How Much Experience Are You Throwing Away?

How Much Experience Are You Throwing Away?

by

Mary Lloyd

Assigning the work that needs to get done can become pretty routine if you let it. But if you always give the same people the same kind of tasks, and expect them to handle the same narrow range of challenges, you lose numerous opportunities to mentor, model and generally improve the skills of the whole workforce.

This is particularly true in terms of the people who’ve been around for a while. As you get used to what people can do, it’s easy to take it for granted and have them keep doing that same thing all by themselves. For years. For decades.

Four bad things can happen when you use that approach:

* New hires who need to learn how to do the job miss the chance to model that effective performance.

[youtube]http://www.youtube.com/watch?v=Nb4LPNLzoLQ[/youtube]

* You miss the rest of what that employee is good at because you kept them doing something you already know they were good at.

* Tough job challenges become tougher because you are not applying the most thoroughly seasoned experience in your toolkit to the problem.

* The experienced employee begins to feel “taken for granted” and isn’t motivated to perform at a peak level. Even worse, he or she may elect to leave for to find a more exciting opportunity.

Assigning everyone work exactly the same way is kind of like using a power saw without turning it on. It works a lot better if you see all of what each worker can do in the role as you assign work. If you have experienced employees and are not using them at least informally as coaches, mentors, and problem solving resources for workers with less experience, you’re literally wasting company payroll dollars.

And do more if you can. Consider redesigning the work so you have your experienced workers involved in addressing the tougher challenges more of the time. Get their input on new programs. A lot of what fails has failed before and could have succeeded with a more complete team. In some instances, it will be simple project involvement. But in others, actual job design changes might be warranted. But either way, use that knowledge base and experience as fully as you can.
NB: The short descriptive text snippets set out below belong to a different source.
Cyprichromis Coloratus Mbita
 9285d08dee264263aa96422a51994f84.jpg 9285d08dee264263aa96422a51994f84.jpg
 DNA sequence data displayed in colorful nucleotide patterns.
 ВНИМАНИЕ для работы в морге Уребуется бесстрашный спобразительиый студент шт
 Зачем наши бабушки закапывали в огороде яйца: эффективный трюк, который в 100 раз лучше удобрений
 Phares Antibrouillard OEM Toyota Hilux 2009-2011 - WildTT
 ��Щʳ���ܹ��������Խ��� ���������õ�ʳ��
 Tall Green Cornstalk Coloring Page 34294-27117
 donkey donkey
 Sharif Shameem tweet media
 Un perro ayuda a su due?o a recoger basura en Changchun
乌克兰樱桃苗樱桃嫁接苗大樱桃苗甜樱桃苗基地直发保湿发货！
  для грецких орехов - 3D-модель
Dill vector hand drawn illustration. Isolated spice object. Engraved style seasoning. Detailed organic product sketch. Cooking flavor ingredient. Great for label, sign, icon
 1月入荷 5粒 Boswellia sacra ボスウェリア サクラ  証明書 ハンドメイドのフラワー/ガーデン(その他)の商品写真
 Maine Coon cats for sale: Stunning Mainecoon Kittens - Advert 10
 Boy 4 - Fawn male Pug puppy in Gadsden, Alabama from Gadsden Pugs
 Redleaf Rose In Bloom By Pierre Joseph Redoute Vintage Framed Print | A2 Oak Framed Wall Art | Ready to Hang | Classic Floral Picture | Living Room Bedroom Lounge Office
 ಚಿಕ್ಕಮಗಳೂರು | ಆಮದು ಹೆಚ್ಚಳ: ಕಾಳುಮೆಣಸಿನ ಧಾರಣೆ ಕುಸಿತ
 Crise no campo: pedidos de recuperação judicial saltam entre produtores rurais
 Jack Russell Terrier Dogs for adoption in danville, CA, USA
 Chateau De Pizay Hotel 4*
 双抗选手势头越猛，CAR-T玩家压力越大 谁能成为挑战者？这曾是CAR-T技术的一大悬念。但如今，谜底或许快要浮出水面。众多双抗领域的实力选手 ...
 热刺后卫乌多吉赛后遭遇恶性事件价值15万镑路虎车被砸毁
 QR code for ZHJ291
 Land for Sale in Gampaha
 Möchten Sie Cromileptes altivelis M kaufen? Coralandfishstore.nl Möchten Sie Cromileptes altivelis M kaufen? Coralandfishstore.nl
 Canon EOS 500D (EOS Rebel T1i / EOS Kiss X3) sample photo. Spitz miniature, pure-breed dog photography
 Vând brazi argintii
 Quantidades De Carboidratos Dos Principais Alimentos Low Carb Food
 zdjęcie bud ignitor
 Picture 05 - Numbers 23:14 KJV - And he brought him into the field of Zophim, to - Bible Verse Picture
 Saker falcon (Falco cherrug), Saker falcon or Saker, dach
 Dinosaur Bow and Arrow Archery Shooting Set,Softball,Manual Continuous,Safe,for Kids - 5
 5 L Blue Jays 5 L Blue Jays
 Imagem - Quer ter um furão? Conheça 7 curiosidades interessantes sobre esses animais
Another mistake is thinking that all older workers are just waiting to retire and don’t WANT to a challenge. And that they will want nothing to do with the company once they can start living “the Golden Years.” Over 70% of the 3000 baby boomers surveyed in 2005 (BEFORE the economic meltdown we are now facing) wanted to be able to work as part of their retirement. But most favored “cycling in and out of work.Can you design some of your work that way? You might get it done more effectively if you do.

It may mean getting a retired professional involved on a project from time to time. It may mean bringing back experienced help to met the demands of your peak season. It may mean letting an employee who’s a proven self-starter handle a specialized set of responsibilities from the road. I know a guy in Arizona who dispatches trucks for an outfit in Minnesota–from his extra bedroom.

You’ve spent a lot getting these people to the level of experience they currently claim. Just watching them walk out the door is nonsense. Letting them languish in less than challenging tasks when you have problems to solve is equally unenlightened.

Explore what might work for them AND the Company. Think hard about just what–of the work they do now–HAS to be shaped the way it currently is. Make the effort to see if you can keep these people doing what they are good at in ways that both get the work done effectively and prepare the next generation of workers in those slots as effectively as you can.

There is a prevailing and disastrous assumption that older workers can’t work very well and aren’t interested in excelling. It’s ridiculous hogwash, but also a self-fulfilling prophecy. When you expect older workers to be inept, disinterested and disengaged, they will comply with the expectation. And you will lose big time in how well you can get the work done.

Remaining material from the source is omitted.